Ne pas savoir nager, faire de la musique, cultiver les plantes, tout comme
ne pas savoir la chimie, la psychologie ou les mathématiques, cela n'a rien
de honteux. Mais, passé un certain âge, ne pas savoir aimer est louche et
équivoque. Les autres ne peuvent s'empêcher de soupçonner quelque
vice caché, puisqu'il est rare que les hasards ou les occasions de rencontre
manquent systématiquement à un individu. Il arrive souvent par contre
qu'un homme ou une femme soit aveuglé par la convoitise, fermé et
écrasé sous le poids de ses fantasmes, obsédé par une soif de puissance
ou de pouvoir qui ne souffre aucun partage. De tels êtres sont dangereux,
même quand il arrive qu'ils fassent pitié.
Les êtres humains doivent consentir à l'amour comme ils consentent à
une grâce. Il est un don, un cadeau du Ciel qui les comble et les rend bons.
Il excite en eux la générosité et cela d'une façon si magnifique, qu'un
amour que n'accompagne aucun débordement peut être soupçonné de
fausseté. Aussi, quand il lui arrive de se retirer complètement de notre
vie, dans la vieillesse par exemple, il est fréquent que l'avarice lui succède,
ce qui ne contribue pas peu à discréditer cet âge. C'est pourquoi ceux qui
ne trouvent pas le moyen d'accroitre et de diversifier leur amour pour le
monde et les humains – ce qui semble la principale tâche de la sagesse –
constatent que le poids de la vie devient chaque jour plus difficile à
supporter. Vieillir pour eux devient une calamité.

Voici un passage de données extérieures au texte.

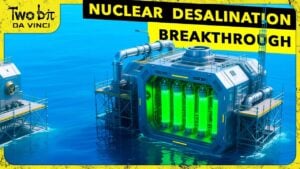 Diagram showing reactor heat feeding RO with MED units to produce clean drinking water alongside electricity generation.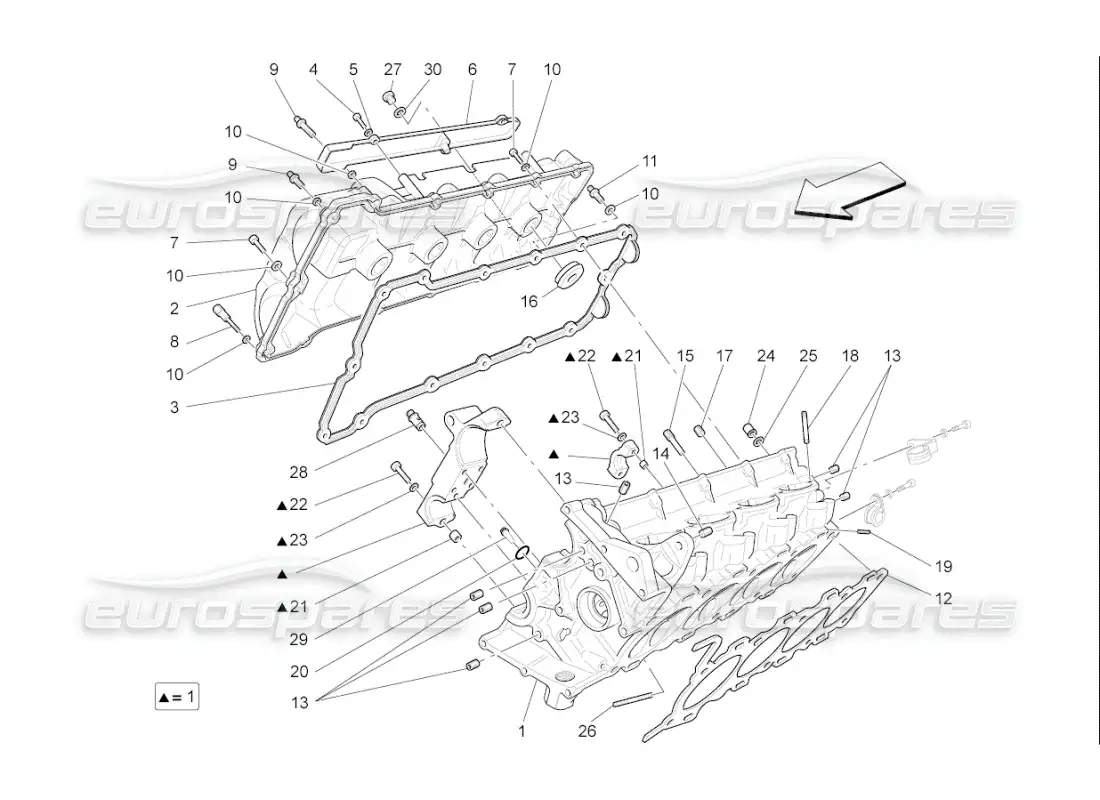 maserati qtp. (2007) 4.2 f1 culata derecha diagrama de piezas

Finalement, l'amour sage, c'est à peu près ce qu'on appelle l'amour fou,
c'est-à-dire le plus beau, le plus complet, le plus total des amours, mais à
condition qu'il ne perde pas la tête, ou plutôt le cœur, et qu'il garde les
yeux ouverts. Il est sage parce que, visiblement, il enseigne l'humanité, la
responsabilité, la solidarité, la moralité ; parce qu'il enseigne à être
féconds et créateurs et qu'il fait des amants, non des esclaves qui
peinent, mais des maitres qui s'expriment. Il est sage encore parce qu'il
ouvre leur présent sur l'éternité et parce que, si ces hommes et ces
femmes ne croient pas en Dieu, il leur donne au moins l'envie d'y croire.